CHAID Analysis | Decision Tree Analysis

CHAID analysis (Chi Squared Automatic Interaction Detection) is a statistical technique that is used in market research. It is mainly used to understand the characteristics that are most associated with a given outcome or group membership. Results of CHAID analysis are presented in an easy-to-interpret ‘decision tree’ format.

To see how we can incorporate advanced statistical techniques into your research

CHAID Analysis / Decision Tree Analysis

CHAID analysis is used to build a predictive model to outline a specific customer group or segment (group) – e.g. most satisfied customers. CHAID analysis uses predictor variables (e.g. satisfaction with product availability) to split the sample into a series of subgroups that share similar characteristics called a “decision tree”. These subgroups allow for the prediction of group membership – what are the characteristics of the satisfied customers – as well as predicting the value of group membership at each split – how satisfied customers are at each branch of the CHAID decision tree.

CHAID can be performed using a variety of inputs including scales e.g. 1 to 10 satisfaction rating) as well as categorical questions (e.g. company demographics). CHAID can only be performed if variables produce a statistically significant split in the sample. Since the sample is being repeatedly split, the technique performs best using large sample sizes.

John is a marketing manager for a large multinational company and he wants to understand what characteristics his most satisfied and least satisfied customers share.

The first predictor category that CHAID uses to split the sample is the predictor that is associated the most with the response variable (highly satisfied customer or not), i.e., it gives the most differentiating groups of respondents.

The most differentiating factor between the most satisfied customers and least satisfied customers for John’s company is product availability.

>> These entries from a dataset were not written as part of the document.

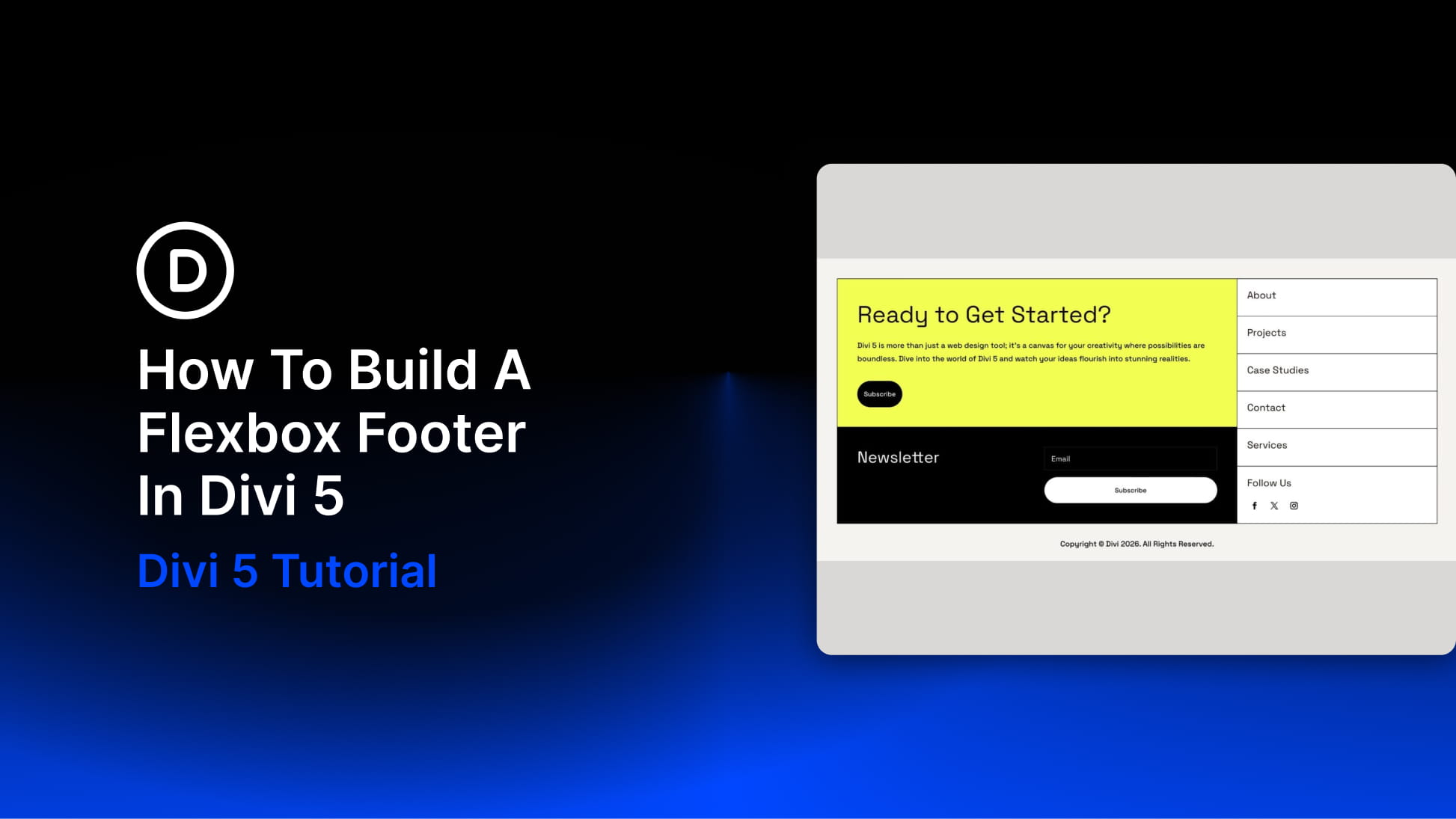 How To Build A Flexbox Footer In Divi 5 How To Build A Flexbox Footer In Divi 5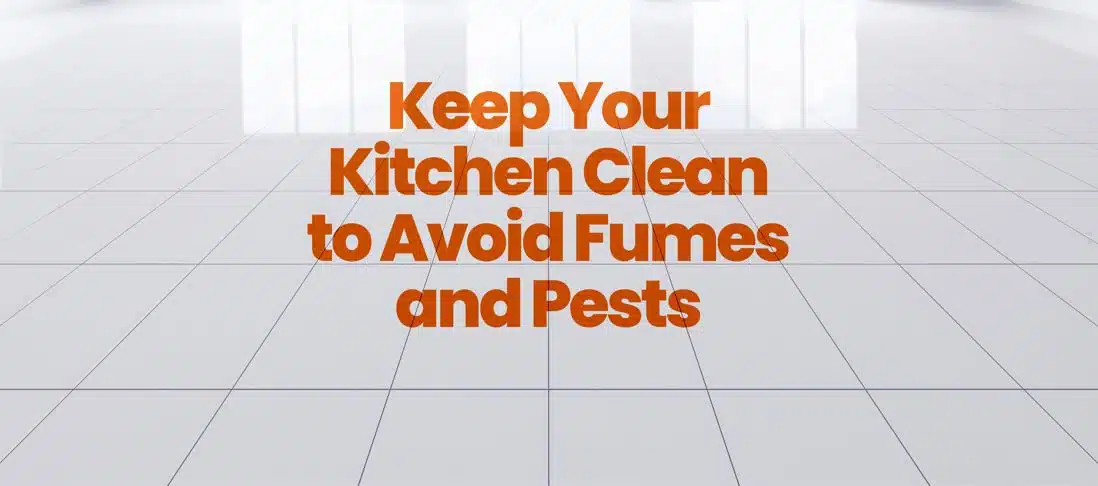 clean white floors with the words 'keep your kitchen clean to avoid fumes and pests' in the foreground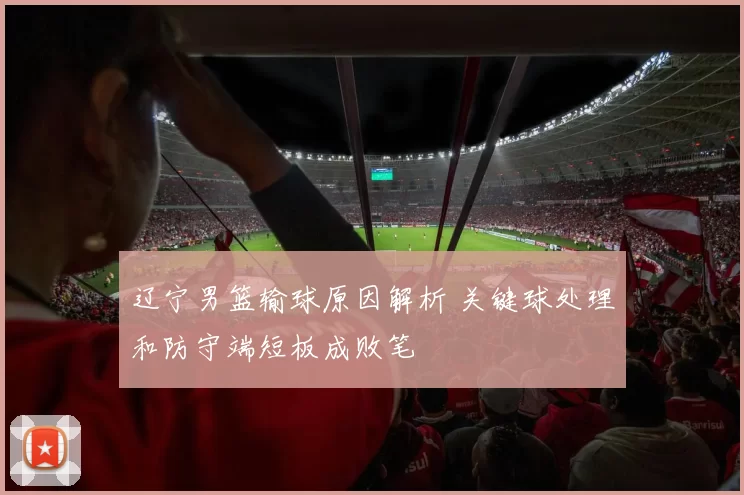 辽宁男篮输球原因解析 关键球处理和防守端短板成败笔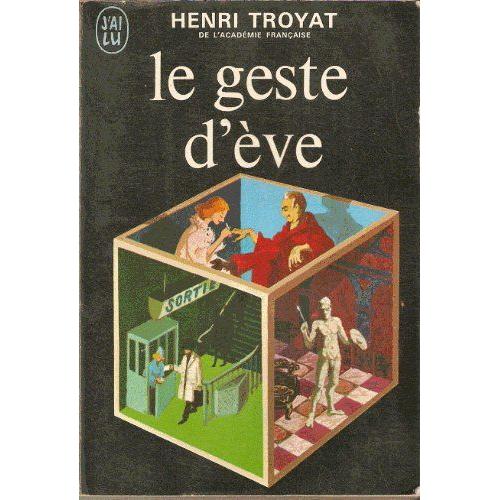 Le Geste D'ève : . Henri Troyat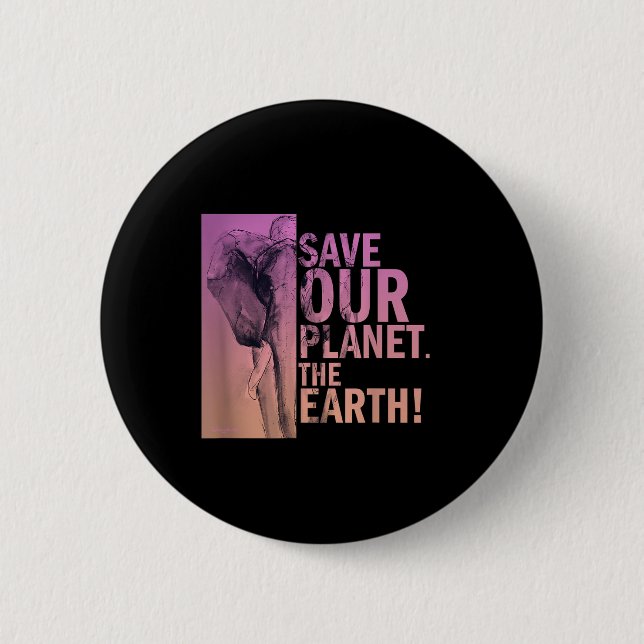 Save Our Planet The Earth Elephant Environmental P Button (Front)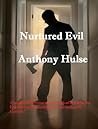 Nurtured Evil by Anthony Hulse
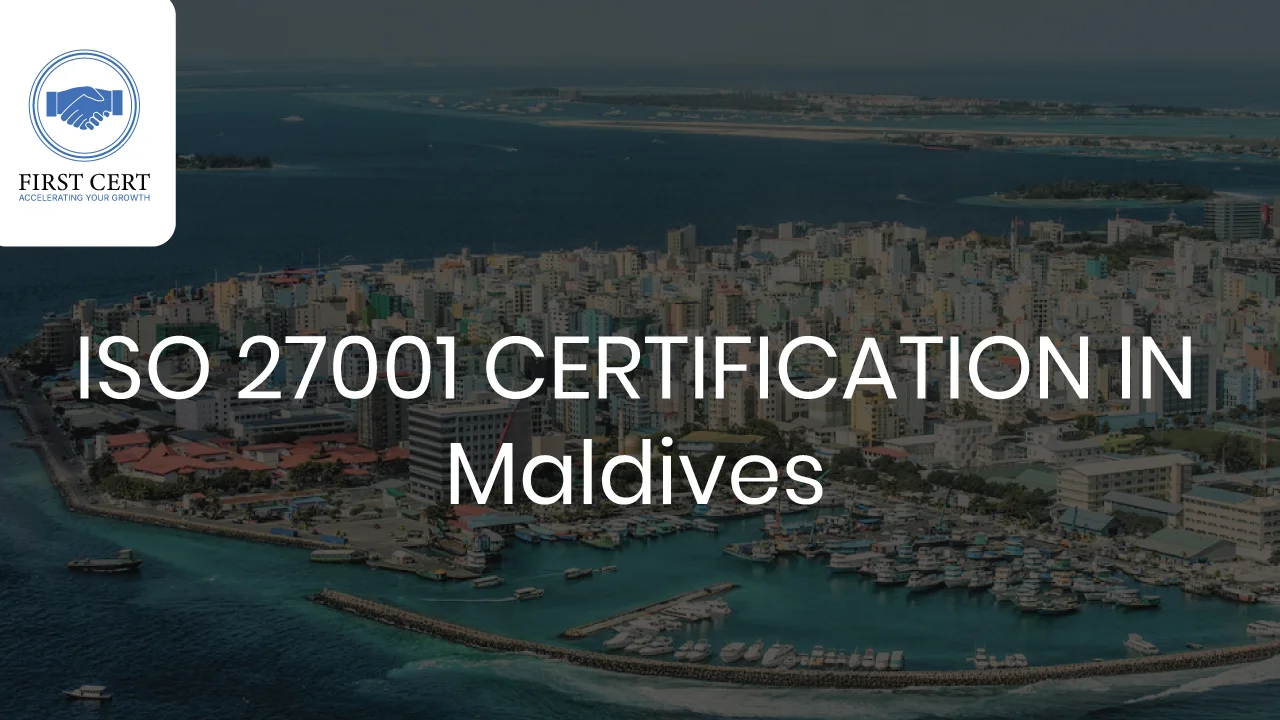 ISO 27001 Certification in Maldives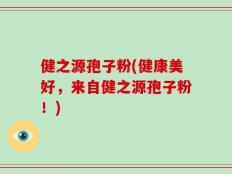 健之源孢子粉(健康美好，来自健之源孢子粉！)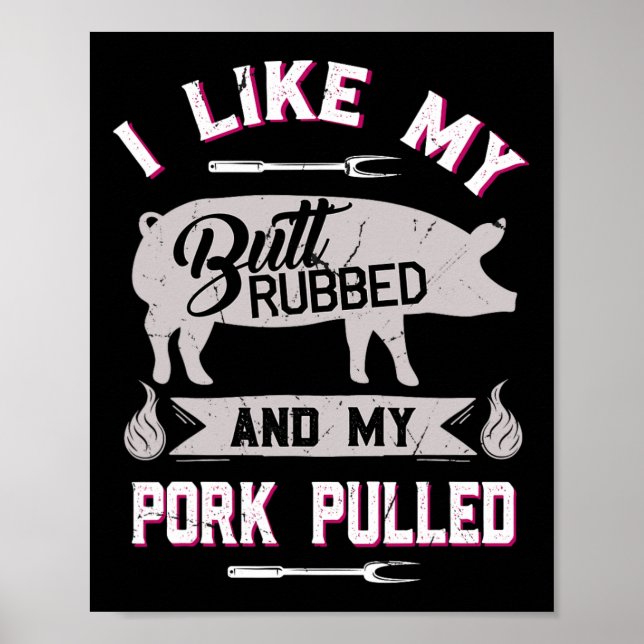 Funny Bbq Grilling Quote Pig Pulled Pork  Poster (Front)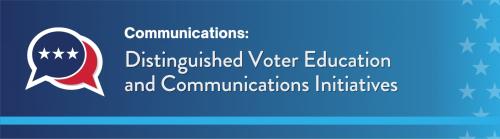 Dark blue background. On the left is an illustration of two speech bubbles with stars. On the right, white text reads: “Communications: Distinguished Voter Education and Communications Initiatives.”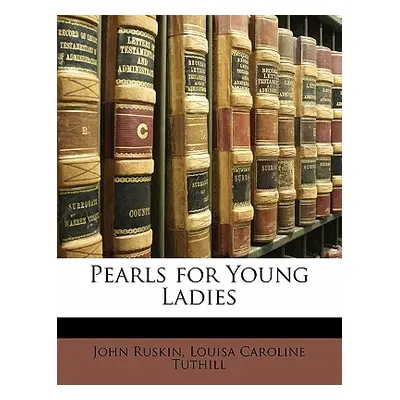 "Pearls for Young Ladies" - "" ("Ruskin John")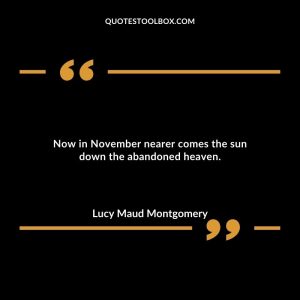 Now in November nearer comes the sun down the abandoned heaven.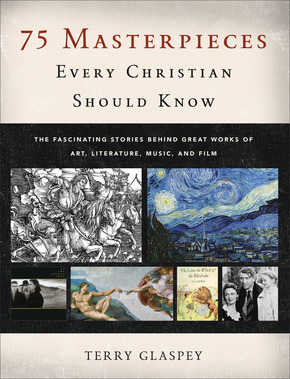 75 Masterpieces Every Christian Should Know: The Fascinating Stories behind Great Works of Art, Literature, Music, and Film by Terry Glaspey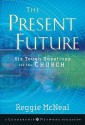 The Present Future: Six Tough Questions for the Church (Jossey-Bass Leadership Network Series) - Reggie McNeal, McNeal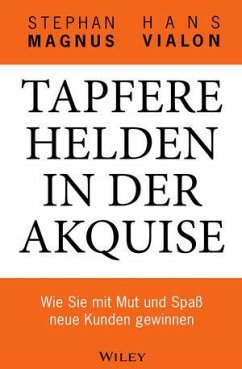 Tapfere Helden in der Akquise (eBook, ePUB) - Magnus, Stephan; Vialon, Hans
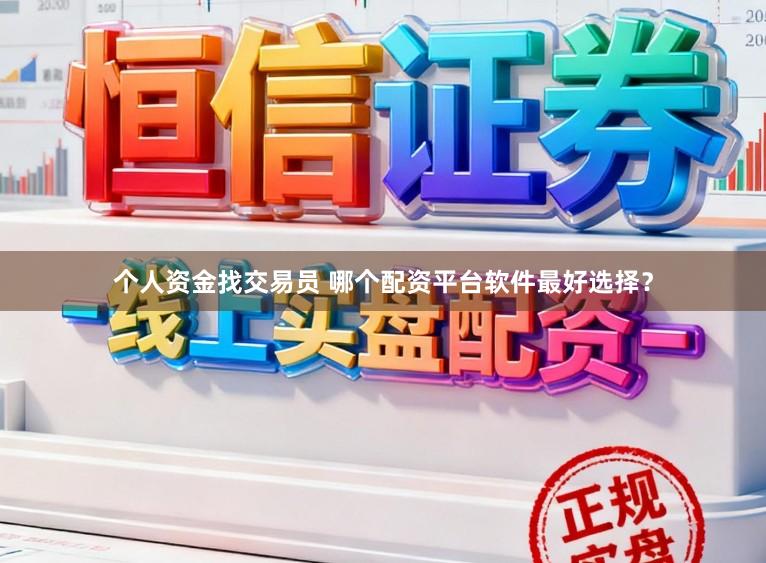 个人资金找交易员 哪个配资平台软件最好选择？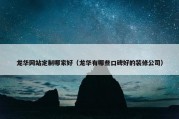 龙华网站定制哪家好（龙华有哪些口碑好的装修公司）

Here we have defined those as satisfied with product availability as giving a score of 8.0 out of 10 and above, whilst those who are dissatisfied with product availability score 6.0 out of 10 and below.

The CHAID decision tree is built further by splitting the customer base until the algorithm does not find any significantly discriminating predictor any more. The most satisfied customers at John’s company tend to be satisfied with product availability, receive monthly billing and have monthly contact with their sales rep. Dissatisfied customers tend to be dissatisfied with product availability and the quality of their products, as well as spending less than £2000 or less on energy.

CHAID analysis has the advantage of providing detail on the overall satisfaction levels at each stage of the CHAID decision tree. In this case, John could predict that if his customers are satisfied with product availability and receive monthly billing they will have an overall satisfaction of around 7.5 out of 10.

As CHAID is used to identify specific groups and what characteristics they share there are multiple applications alongside identifying most satisfied customers. CHAID analysis is also typically used in direct marketing to identify those who have reacted to a specific campaign and to target potential clients more efficiently by understanding current customer profiles.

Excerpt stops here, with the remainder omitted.